Читаем Бодлер полностью

Будучи от рождения весьма порядочным человеком, а от нечего делать — немного прохвостом, Крамер, актер по природе, оставшись в одиночестве, принимался разыгрывать для самого себя упоительные трагедии, а точнее сказать, трагикомедии. Если он чувствовал щекотку подкрадывающейся веселости, то, стремясь закрепить это состояние, принимался хохотать во все горло. Стоило ему, растрогавшись при каком-нибудь воспоминании, позволить слезинке набежать в уголок глаза, и он бежал к зеркалу — смотреть, как он плачет. Стоило девице в приступе внезапной, ребяческой ревности оцарапать его иголкой или ножичком, как он уже поздравлял себя с ударом кинжала, а если ему случалось задолжать каких-нибудь несчастных 20 000 франков, то он радостно восклицал:

— О, сколь печальна и горестна судьба гения, на котором висит миллион долгов.

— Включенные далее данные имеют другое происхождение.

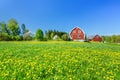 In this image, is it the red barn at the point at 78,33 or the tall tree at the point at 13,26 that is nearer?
the red barn at the point at 78,33

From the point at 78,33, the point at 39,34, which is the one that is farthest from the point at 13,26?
the point at 78,33

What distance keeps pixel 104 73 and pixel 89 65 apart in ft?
6.29

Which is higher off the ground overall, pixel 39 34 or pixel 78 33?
pixel 39 34

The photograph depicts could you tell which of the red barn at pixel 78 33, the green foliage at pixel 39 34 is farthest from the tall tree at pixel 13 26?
the red barn at pixel 78 33

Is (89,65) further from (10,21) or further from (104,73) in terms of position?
(10,21)

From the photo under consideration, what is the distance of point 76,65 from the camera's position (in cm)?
1336

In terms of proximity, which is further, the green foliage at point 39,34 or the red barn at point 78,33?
the green foliage at point 39,34

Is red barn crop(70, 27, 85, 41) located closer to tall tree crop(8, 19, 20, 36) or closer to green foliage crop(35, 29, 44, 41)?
green foliage crop(35, 29, 44, 41)

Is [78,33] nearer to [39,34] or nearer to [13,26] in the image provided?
[39,34]

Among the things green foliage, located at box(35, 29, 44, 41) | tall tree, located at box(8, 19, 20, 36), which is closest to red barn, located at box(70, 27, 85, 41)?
green foliage, located at box(35, 29, 44, 41)

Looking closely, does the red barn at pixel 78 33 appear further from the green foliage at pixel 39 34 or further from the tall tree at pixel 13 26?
the tall tree at pixel 13 26

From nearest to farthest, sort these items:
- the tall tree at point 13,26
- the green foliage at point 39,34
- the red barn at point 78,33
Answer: the red barn at point 78,33
the green foliage at point 39,34
the tall tree at point 13,26

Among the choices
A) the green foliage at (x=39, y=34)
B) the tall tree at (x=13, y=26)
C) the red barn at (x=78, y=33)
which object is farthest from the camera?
the tall tree at (x=13, y=26)

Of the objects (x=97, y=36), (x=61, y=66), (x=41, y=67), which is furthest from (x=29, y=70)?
(x=97, y=36) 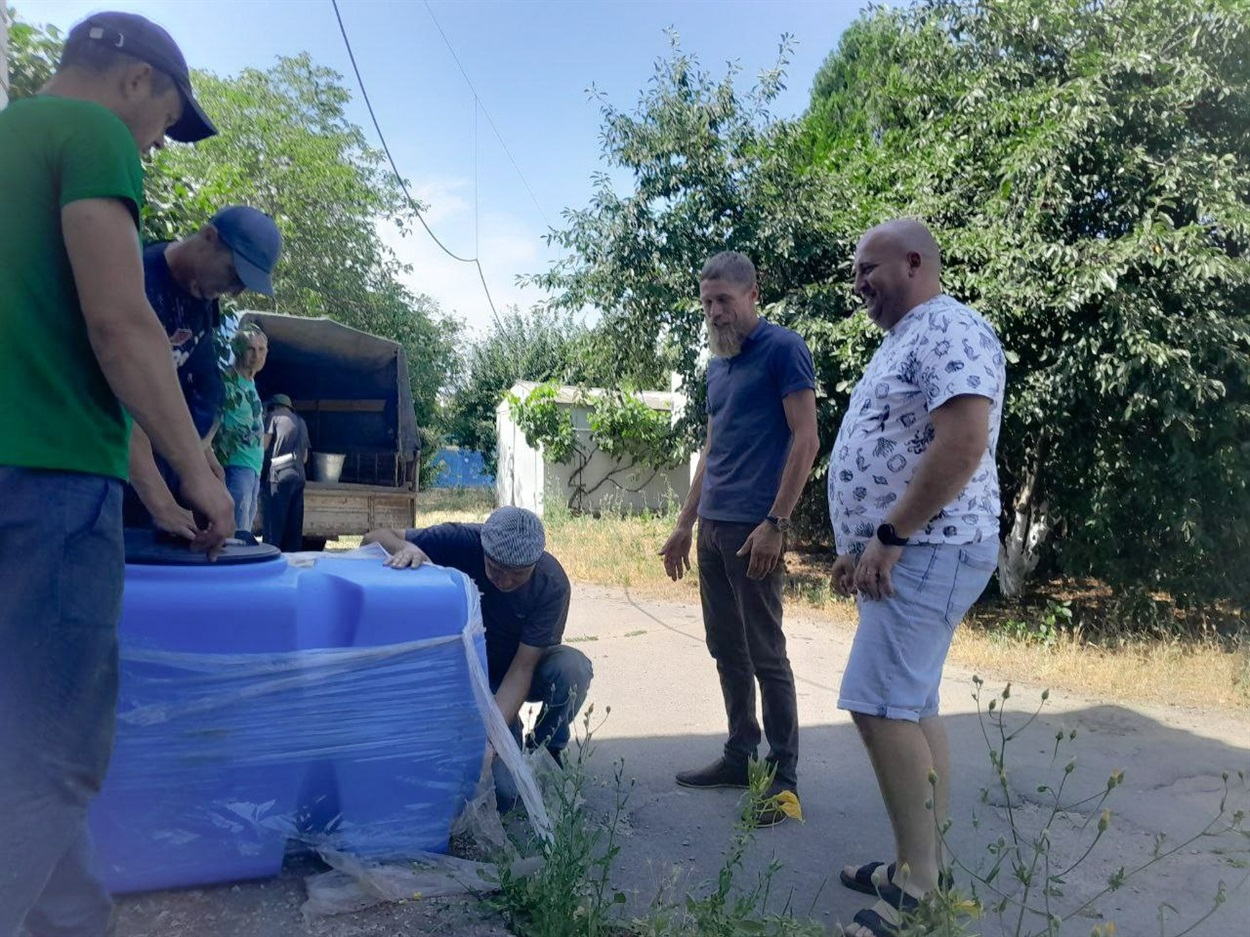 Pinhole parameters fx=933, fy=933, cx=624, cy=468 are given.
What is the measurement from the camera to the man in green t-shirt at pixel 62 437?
4.99 feet

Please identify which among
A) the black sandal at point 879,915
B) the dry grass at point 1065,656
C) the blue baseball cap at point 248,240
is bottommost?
the black sandal at point 879,915

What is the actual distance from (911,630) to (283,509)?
5865mm

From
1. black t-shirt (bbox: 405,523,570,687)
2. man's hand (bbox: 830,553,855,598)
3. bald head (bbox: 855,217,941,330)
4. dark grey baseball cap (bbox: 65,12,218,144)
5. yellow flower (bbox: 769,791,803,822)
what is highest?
dark grey baseball cap (bbox: 65,12,218,144)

Переряжать — таково любимое занятие Бодлера: переряжать собственное тело, собственные чувства, собственную жизнь; он одержим невоплотимой мечтой сотворить самого себя: он трудится, чтобы чувствовать себя обязанным только себе; ему хочется без конца переделывать и исправлять собственный облик, подобно тому как исправляют картину или стихотворение; он желает стать своим собственным стихотворением; это-то и есть его театр. Вряд ли кому-нибудь удавалось столь глубоко пережить непреодолимо противоречивый характер творческой деятельности. Ведь и вправду, разве не в том цель творца, чтобы творение оказалось его эманацией, плотью от его плоти? И разве не желает он вместе с тем, чтобы эта частица предстала перед ним как посторонняя ему вещь? И коль скоро Бодлер претендует на то, чтобы сотворить даже собственное существование, то не означает ли это, что он желает быть творцом в самом радикальном смысле этого слова? Впрочем, и на это стремление он исподволь накладывает ограничения. Когда Рембо предпринимает аналогичную попытку стать автором самого себя, восклицая свое знаменитое: «Я — это другой», он не колеблясь идет на перестройку всего своего мышления и приступает к систематическому расстройству всех своих чувств, он взламывает ту пресловутую природу, которая на самом деле является результатом его буржуазного происхождения, представляя собой не что иное, как обычай; он не разыгрывает представление, но всерьез пытается создать необыкновенные мысли и чувства. Что же до Бодлера, то он останавливается на полпути: его страшит то абсолютное одиночество, при котором жизнь и творчество становятся чем-то единым, когда рефлексивная ясность растворяется в спонтанности, являющейся объектом рефлексии. Рембо не тратит времени на то, чтобы предаваться чувству ужаса перед природой: он разбивает ее, словно копилку. Бодлер же вообще ничего не разбивает: его труд как творца состоит лишь в том, чтобы переряжать и упорядочивать. Он приемлет все, что подсказывают ему спонтанные вспышки его сознания; он хочет лишь слегка доработать их — оттенить здесь, смягчить там; если ему захочется плакать, он не станет хохотать во все горло; он просто заплачет более исто, чем в жизни, — вот и все. Высшее воплощение такого театра — стихотворение, в котором ему будет преподнесен заново продуманный, пересозданный и объективированный образ того чувства, которое на деле он пережил едва ли наполовину. Бодлер — чистый творец формы; Рембо же творит как форму, так и материю.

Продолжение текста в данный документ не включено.